У меня была своя уютная норка, и всякий раз, думая об Отто, я представляла, как легко могу потерять ее. Так что самыми смелыми из всех моих поступков в эту неделю абсолютной свободы были прогулки по бульвару.
Но и этим я гордилась. В конце концов, я не думала, что после всего вообще способна буду выйти из дома или даже вылезти из-под одеяла.

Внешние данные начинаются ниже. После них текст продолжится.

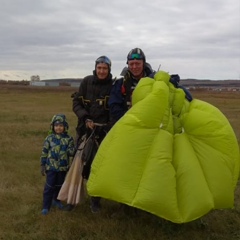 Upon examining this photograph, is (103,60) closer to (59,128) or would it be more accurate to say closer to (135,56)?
(135,56)

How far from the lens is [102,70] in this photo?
16.2 ft

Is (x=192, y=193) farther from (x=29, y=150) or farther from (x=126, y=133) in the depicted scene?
(x=29, y=150)

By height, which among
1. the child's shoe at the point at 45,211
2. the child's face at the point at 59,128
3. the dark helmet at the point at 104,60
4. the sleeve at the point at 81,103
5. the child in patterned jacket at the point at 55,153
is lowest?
the child's shoe at the point at 45,211

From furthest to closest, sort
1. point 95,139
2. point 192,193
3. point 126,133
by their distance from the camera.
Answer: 1. point 95,139
2. point 126,133
3. point 192,193

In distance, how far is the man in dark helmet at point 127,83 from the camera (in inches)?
188

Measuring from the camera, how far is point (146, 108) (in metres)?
4.15

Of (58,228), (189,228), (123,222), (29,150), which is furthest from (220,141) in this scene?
(29,150)

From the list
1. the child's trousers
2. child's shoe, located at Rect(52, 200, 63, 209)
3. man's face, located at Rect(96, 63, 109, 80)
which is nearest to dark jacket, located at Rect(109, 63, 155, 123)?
man's face, located at Rect(96, 63, 109, 80)

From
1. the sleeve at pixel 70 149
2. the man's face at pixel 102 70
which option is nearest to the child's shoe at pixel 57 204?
the sleeve at pixel 70 149

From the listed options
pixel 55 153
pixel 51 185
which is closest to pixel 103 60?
pixel 55 153

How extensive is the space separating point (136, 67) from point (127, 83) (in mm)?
220

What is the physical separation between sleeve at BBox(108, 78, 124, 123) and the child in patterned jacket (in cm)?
76

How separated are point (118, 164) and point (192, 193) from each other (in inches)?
30.3

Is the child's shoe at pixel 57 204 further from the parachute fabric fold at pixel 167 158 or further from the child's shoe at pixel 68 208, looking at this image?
the parachute fabric fold at pixel 167 158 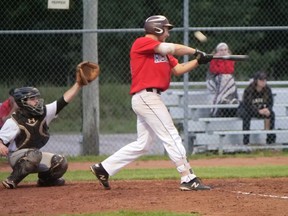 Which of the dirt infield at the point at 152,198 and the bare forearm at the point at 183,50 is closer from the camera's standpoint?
the dirt infield at the point at 152,198

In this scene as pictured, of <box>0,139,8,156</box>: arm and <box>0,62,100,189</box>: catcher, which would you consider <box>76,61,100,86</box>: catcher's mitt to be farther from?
<box>0,139,8,156</box>: arm

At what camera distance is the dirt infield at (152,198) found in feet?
29.3

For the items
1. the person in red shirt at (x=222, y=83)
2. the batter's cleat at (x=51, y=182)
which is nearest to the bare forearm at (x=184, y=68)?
the batter's cleat at (x=51, y=182)

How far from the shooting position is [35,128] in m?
11.0

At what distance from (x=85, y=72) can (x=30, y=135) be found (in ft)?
3.43

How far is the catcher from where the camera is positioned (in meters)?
10.9

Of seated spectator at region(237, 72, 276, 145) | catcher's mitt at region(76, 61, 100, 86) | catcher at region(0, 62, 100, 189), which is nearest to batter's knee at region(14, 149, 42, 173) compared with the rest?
catcher at region(0, 62, 100, 189)

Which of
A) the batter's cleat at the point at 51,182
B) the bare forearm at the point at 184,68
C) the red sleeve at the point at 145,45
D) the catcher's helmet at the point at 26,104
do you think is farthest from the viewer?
the batter's cleat at the point at 51,182

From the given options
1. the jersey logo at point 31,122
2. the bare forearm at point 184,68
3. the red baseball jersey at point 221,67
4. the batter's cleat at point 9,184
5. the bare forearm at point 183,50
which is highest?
the bare forearm at point 183,50

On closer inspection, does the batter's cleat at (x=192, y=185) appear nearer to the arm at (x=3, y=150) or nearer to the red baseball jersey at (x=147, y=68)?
the red baseball jersey at (x=147, y=68)

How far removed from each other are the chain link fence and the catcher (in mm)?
4262

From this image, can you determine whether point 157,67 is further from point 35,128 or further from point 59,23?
point 59,23

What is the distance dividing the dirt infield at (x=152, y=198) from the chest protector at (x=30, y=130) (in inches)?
22.6

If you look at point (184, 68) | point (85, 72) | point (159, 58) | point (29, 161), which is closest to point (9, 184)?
point (29, 161) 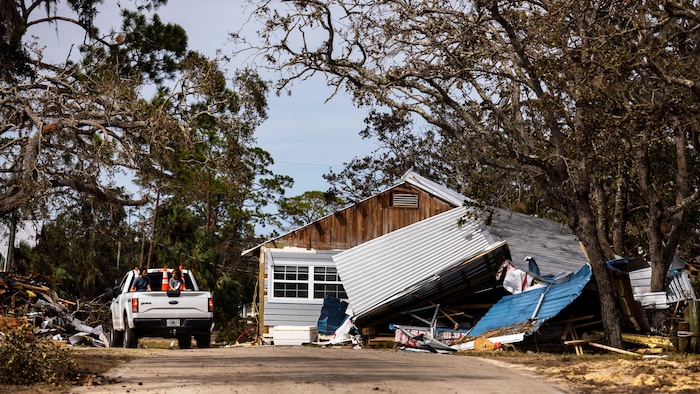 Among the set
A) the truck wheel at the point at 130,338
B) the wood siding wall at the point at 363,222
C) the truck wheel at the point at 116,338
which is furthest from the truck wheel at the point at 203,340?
the wood siding wall at the point at 363,222

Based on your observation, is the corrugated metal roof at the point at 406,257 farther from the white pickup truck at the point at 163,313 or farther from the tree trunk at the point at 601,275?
the white pickup truck at the point at 163,313

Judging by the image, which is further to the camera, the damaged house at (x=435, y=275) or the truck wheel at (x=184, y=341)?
the truck wheel at (x=184, y=341)

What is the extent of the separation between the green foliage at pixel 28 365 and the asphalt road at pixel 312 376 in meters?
0.64

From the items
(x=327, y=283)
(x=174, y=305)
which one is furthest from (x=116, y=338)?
(x=327, y=283)

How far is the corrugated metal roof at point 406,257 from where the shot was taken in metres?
24.8

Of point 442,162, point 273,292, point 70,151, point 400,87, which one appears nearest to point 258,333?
point 273,292

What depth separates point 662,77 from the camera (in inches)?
632

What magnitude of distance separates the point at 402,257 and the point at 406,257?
0.15 m

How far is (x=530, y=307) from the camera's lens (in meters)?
21.9

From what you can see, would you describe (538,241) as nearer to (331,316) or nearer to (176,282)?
(331,316)

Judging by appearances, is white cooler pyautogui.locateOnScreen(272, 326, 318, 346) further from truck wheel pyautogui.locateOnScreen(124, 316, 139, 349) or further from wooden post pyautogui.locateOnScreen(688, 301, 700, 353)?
wooden post pyautogui.locateOnScreen(688, 301, 700, 353)

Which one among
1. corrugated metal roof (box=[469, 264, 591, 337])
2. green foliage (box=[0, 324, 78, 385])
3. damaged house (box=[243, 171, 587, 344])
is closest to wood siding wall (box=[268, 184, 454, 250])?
damaged house (box=[243, 171, 587, 344])

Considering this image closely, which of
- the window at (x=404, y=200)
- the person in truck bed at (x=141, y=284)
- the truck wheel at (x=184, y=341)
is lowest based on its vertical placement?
the truck wheel at (x=184, y=341)

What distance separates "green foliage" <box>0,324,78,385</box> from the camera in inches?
436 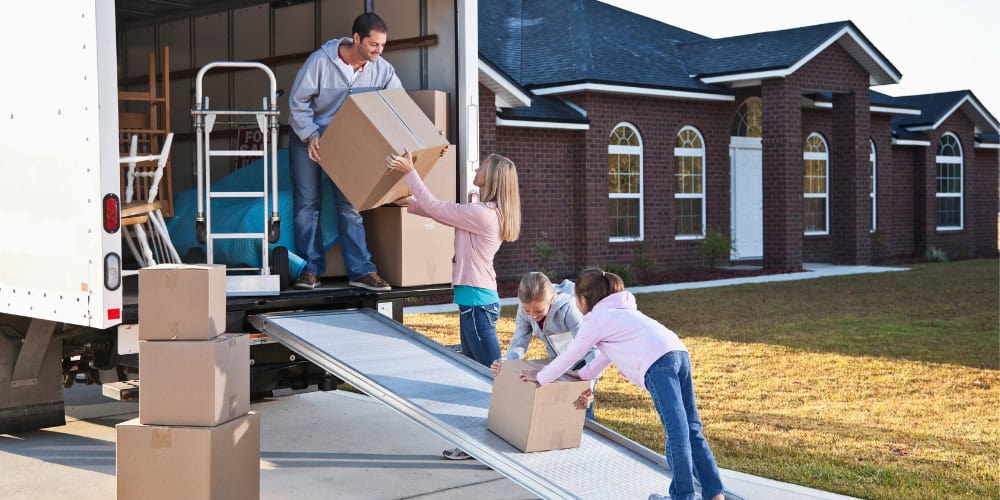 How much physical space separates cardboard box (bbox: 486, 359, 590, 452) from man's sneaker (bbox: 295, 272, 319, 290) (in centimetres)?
176

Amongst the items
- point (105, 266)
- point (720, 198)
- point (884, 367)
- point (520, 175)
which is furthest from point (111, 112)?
point (720, 198)

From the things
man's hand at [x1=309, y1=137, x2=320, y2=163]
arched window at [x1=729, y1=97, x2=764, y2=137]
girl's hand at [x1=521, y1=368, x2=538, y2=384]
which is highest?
arched window at [x1=729, y1=97, x2=764, y2=137]

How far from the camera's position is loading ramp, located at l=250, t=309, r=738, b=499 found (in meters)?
5.01

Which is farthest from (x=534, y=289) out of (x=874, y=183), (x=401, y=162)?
(x=874, y=183)

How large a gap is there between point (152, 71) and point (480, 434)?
3.56 meters

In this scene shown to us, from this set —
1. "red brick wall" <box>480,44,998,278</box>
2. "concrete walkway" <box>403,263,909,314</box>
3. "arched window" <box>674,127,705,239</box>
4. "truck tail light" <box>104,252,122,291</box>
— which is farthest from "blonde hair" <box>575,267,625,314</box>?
"arched window" <box>674,127,705,239</box>

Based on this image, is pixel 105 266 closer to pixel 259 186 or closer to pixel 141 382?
pixel 141 382

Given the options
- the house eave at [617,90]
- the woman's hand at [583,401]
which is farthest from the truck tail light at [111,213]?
the house eave at [617,90]

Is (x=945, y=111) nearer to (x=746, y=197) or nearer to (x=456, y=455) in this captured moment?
(x=746, y=197)

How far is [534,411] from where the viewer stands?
508 centimetres

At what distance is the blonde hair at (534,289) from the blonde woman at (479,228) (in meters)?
0.45

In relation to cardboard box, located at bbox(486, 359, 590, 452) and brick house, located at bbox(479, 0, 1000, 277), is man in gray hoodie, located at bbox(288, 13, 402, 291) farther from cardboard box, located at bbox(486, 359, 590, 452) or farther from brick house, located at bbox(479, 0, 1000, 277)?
brick house, located at bbox(479, 0, 1000, 277)

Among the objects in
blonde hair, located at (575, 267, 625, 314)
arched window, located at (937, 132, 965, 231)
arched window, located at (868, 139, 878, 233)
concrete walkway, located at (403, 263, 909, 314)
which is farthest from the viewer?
arched window, located at (937, 132, 965, 231)

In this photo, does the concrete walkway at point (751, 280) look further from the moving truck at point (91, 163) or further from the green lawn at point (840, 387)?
the moving truck at point (91, 163)
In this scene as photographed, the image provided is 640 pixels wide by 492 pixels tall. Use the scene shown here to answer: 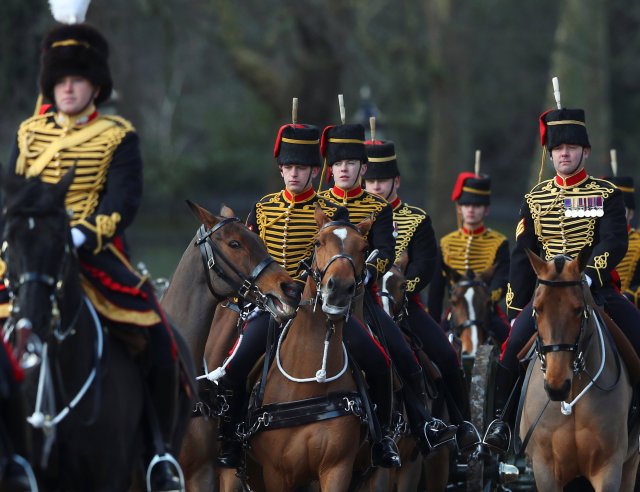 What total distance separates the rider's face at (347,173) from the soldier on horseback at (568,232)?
121cm

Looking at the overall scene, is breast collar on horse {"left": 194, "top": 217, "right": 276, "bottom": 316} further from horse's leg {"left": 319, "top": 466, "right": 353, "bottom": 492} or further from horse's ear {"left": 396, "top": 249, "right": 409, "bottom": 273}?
horse's ear {"left": 396, "top": 249, "right": 409, "bottom": 273}

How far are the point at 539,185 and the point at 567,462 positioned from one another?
78.4 inches

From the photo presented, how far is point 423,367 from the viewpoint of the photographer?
11758 mm

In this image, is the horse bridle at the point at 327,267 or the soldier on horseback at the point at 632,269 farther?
the soldier on horseback at the point at 632,269

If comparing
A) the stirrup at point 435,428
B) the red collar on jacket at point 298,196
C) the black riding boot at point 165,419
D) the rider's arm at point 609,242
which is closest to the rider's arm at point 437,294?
the stirrup at point 435,428

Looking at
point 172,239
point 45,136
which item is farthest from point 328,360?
point 172,239

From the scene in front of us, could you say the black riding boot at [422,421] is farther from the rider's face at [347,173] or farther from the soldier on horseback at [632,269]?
the soldier on horseback at [632,269]

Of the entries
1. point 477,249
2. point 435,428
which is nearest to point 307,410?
point 435,428

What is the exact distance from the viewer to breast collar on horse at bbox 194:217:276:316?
9.29 metres

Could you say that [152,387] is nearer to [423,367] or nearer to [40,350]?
[40,350]

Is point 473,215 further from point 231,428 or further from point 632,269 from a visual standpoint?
point 231,428

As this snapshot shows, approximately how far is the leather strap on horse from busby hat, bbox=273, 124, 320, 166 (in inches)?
68.1

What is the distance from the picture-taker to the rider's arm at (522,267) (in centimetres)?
1088

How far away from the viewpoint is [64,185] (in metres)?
6.99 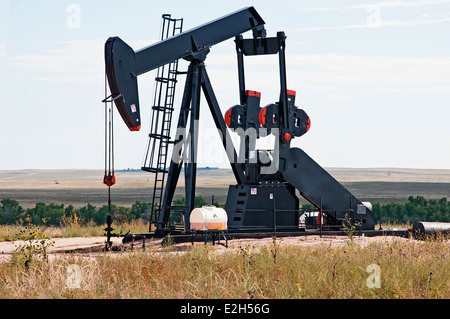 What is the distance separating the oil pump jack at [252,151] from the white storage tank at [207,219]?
0.75m

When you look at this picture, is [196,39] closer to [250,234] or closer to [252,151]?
[252,151]

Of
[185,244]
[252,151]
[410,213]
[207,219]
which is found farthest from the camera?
[410,213]

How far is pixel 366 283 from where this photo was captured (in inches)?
388

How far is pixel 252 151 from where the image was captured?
719 inches

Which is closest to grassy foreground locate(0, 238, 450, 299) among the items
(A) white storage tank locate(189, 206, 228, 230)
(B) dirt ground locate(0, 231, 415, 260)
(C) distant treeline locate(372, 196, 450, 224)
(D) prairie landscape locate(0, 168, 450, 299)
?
(D) prairie landscape locate(0, 168, 450, 299)

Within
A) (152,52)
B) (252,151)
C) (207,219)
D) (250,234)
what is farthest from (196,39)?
(250,234)

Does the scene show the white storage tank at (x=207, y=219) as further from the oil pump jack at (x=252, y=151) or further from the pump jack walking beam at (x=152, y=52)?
the pump jack walking beam at (x=152, y=52)

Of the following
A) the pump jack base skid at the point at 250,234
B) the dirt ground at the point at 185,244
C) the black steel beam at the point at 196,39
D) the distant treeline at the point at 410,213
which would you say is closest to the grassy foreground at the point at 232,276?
the dirt ground at the point at 185,244

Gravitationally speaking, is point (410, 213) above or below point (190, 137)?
below

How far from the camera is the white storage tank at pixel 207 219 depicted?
52.4 feet

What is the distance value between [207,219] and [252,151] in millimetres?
2923

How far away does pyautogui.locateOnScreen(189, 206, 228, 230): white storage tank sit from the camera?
16.0 meters

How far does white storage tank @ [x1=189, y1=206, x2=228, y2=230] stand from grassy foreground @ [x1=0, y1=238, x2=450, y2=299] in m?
3.32

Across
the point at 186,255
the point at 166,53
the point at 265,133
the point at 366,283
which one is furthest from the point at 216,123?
the point at 366,283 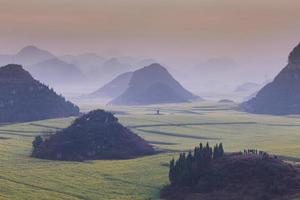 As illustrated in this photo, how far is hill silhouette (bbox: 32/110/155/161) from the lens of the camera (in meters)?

Воистину, величайшая сила духа просыпается в нас, когда наступают трудные времена. Я выходила в прохладные и прекрасные лунные ночи, когда людей вокруг было мало, а звезд над головой очень, очень много. Роми говорила, что люди действительно начнут считать меня призраком, если я буду появляться только по ночам.
Однако, ночь казалась мне надежным временем. И она позволяла подумать в тишине, а это в моей жизни, застигнутой врасплох Вальтером и Роми, стало очень ценно. В одну из таких прогулок запах лип казался мне нестерпимо сильным, каким-то по-особенному нежным. Аккуратные липы источали спокойствие и стабильность, которых мне так не доставало.
Я шла между ними, представляя себя королевой, шагающей между своих подданных, вытянувшихся вверх с почтением и благоговением. Глупые, самодовольные фантазии забавляли меня, но в то же время я почти верила во все, что происходило в моей голове.
Когда я услышала позади шум подъезжающей машины, то, конечно, испугалась. Однако по зрелому измышлению следующей секунды поняла, что это, вероятно, Рейнхард. Когда я обернулась, то вместо черной машины, увидела ослепительно белую. Она подмигнула мне фарами.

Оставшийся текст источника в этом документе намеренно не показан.